Pourtant, au printemps, elle est "épanouie" dans son travail, plus à l'aise financièrement et parle aussi de prémisses d'une nouvelle relation avec un autre homme.

Luciano "a dû sentir que cette fois-ci, c'était la bonne. Est-ce qu'elle lui a clairement dit (ce soir-là) ? Est-ce qu'elle a fait ses valises ? Est-ce qu'il a lu des SMS ? On ne le saura jamais", se désole Laure de la Guéronnière.

L'enquête se poursuit mais, selon les premières conclusions, Marie-Alice a été droguée puis étouffée dans le studio de Puteaux que le couple partageait.
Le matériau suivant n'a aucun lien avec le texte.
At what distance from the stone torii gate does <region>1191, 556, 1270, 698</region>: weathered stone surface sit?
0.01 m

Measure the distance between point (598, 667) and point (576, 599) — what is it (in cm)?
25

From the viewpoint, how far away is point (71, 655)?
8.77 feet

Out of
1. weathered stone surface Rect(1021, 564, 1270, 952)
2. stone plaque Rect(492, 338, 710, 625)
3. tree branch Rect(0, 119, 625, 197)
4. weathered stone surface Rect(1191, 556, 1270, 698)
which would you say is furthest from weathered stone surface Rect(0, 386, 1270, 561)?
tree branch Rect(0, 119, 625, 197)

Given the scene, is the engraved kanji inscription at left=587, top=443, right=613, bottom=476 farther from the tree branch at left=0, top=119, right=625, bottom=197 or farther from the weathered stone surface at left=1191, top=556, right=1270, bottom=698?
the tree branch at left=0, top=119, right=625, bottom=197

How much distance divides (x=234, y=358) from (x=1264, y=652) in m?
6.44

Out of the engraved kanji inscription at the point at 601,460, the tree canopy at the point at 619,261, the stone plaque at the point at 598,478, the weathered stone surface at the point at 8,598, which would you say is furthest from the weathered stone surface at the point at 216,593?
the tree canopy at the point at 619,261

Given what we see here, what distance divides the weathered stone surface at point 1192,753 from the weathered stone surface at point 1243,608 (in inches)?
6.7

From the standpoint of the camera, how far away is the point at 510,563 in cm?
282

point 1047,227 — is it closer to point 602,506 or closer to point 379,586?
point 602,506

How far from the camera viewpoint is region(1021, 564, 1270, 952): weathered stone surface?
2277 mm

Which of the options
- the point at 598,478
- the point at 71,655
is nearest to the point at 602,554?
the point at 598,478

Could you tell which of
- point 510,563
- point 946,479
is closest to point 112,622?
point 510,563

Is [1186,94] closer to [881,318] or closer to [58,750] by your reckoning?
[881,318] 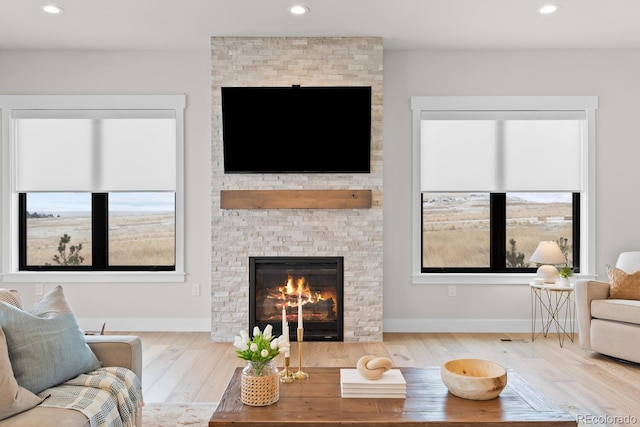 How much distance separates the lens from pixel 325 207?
4.62 m

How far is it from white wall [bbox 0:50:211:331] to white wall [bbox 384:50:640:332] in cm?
183

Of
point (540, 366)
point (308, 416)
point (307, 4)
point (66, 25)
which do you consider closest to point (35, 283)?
point (66, 25)

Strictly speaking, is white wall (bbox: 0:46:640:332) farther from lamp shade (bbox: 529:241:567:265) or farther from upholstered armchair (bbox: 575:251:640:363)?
upholstered armchair (bbox: 575:251:640:363)

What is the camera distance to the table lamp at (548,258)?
4.54 m

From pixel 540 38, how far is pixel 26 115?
16.4 feet

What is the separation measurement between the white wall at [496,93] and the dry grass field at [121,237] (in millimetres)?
2264

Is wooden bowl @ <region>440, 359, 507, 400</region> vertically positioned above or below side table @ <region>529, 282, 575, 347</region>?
above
Plusieurs jours après les faits, le meurtrier présumé a continué à répondre aux amies de la victime par téléphone. "A ce stade de l'information judiciaire, on est toujours dans l'ignorance des circonstances exactes dans lesquelles elle est morte. En revanche, ce qui apparaît clairement, c'est que les actes criminels étaient prémédités", déclare Olivier Morice, avocat de la famille.

L'avocat du fils de Luciano, mis en examen pour "recel de cadavre", n'a pas souhaité s'exprimer.